Retour aux États-Unis
L’aluminium est la matière qui a la plus grande valeur sur le marché de la récupération. Les récupérateurs comme RecyCan, une entreprise privée qui appartient en parts égales à Molson et à Labatt, ramassent les canettes d’aluminium dans les points de vente. Ils obtiennent 1500 $ le ballot d’une tonne chez Tomra, le géant norvégien dont les installations québécoises de conditionnement des canettes sont à Baie-d’Urfé. Tomra sert d’intermédiaire entre les récupérateurs et les recycleurs, à qui les ballots sont finalement revendus. Tous ces recyleurs de canettes sont américains, ce qui fait que la canette écrasée reprend son voyage vers les États-Unis pour y être refondue à 700 degrés Celsius, reformée en feuilles et en canettes, pour éventuellement être rachetée par les brasseurs québécois, remplie et bue ici.
La meilleure solution ?
La canette d’aluminium est recyclable à l’infini, mais le trajet qu’elle fait diminue les vertus environnementales du processus de recyclage, estime Mario Laquerre, professeur au Centre de formation en environnement et en développement durable de l’Université de Sherbrooke. Selon lui, le processus de récupération et de recyclage des canettes d’aluminium produit plus de gaz à effet de serre que la récupération, le lavage et la réutilisation des bouteilles de verre.

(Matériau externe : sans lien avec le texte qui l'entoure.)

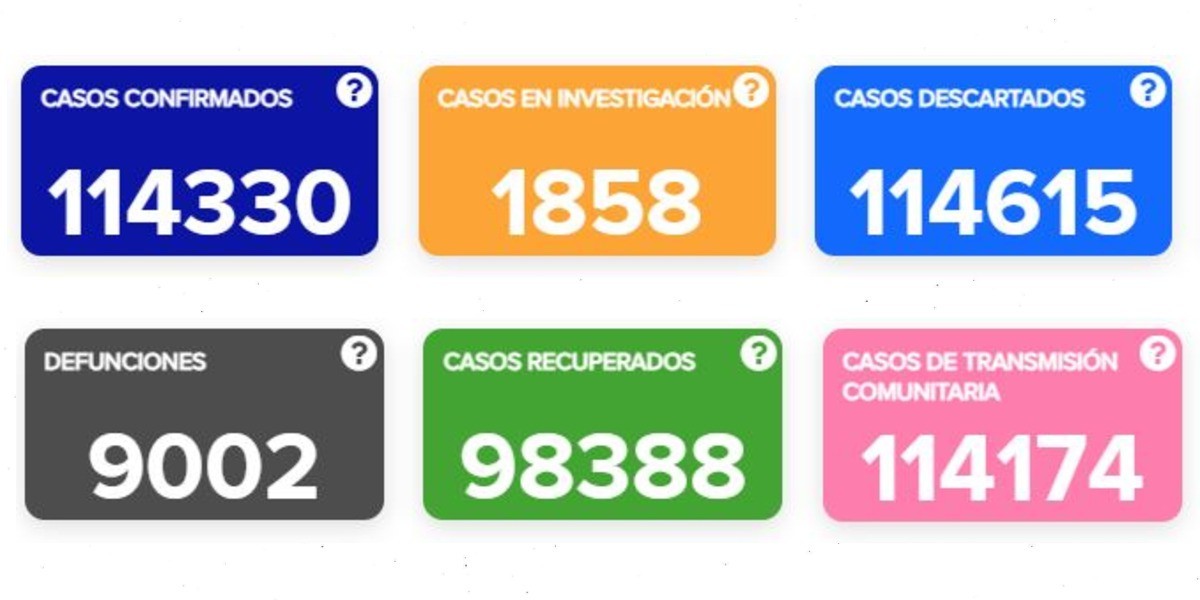 Supera Guanajuato las 9 mil defunciones por coronavirus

C’est vraiment dommage que l’industrie brassicole ait pris cette tangente-là.
Mario Laquerre, professeur au Centre de formation en environnement et en développement durable de l’Université de Sherbrooke
Selon Recyc-Québec, la bouteille de verre qui peut être réutilisée jusqu’à dix fois est supérieure sur le plan environnemental à la canette d’aluminium quand on considère le cycle de vie du produit.
Le fait que la bouteille de verre soit en voie de disparition va à contre-courant des pratiques qui encouragent la réutilisation des contenants de toutes sortes, selon Mario Laquerre. « C’est une incongruité, une de plus, de notre système de récupération et de recyclage. »
Le rêve de canettes locales
Le projet de fabriquer au Québec les canettes d’aluminium dont la consommation est en forte hausse n’est pas mort, mais il n’a pas beaucoup avancé au cours des dernières années. Même Alu-Québec, la grappe industrielle créée pour accroître l’utilisation de l’aluminium au Québec, y croit plus ou moins. « Notre volume de canettes n’est pas suffisant pour justifier un investissement dans un laminoir. Ça coûte des milliards », résume Danielle Coudé, responsable du Chantier valorisation et recyclage.
Le long voyage des canettes dérange plusieurs des membres de l’Association des microbrasseries du Québec, selon sa directrice générale, Marie-Ève Myrand. La canette d’aluminium est si populaire que l’approvisionnement est parfois difficile, dit-elle. Certaines microbrasseries ont dû en faire venir de Chine et du Mexique. « Ce qu’on craint surtout, c’est que le contenant à remplissage multiple en vienne à disparaître, ce qui serait un recul sur le plan environnemental. »
Le circuit de la canette
Voici un circuit théorique qui relie les installations de production d’aluminium du Québec aux transformateurs de métal les plus proches.
- De l’aluminerie du Saguenay au laminoir de Novelis à Oswego, dans l’État de New York : 847 km
- Du laminoir aux installations du fabricant de canettes Ball, dans l’État de New York : 272 km
- De l’usine de Ball à Montréal : 302 km
Total du lingot au gosier : 1421 km
Les distances indiquées sont pour un circuit théorique entre les installations les plus rapprochées. Les canettes voyagent probablement bien davantage.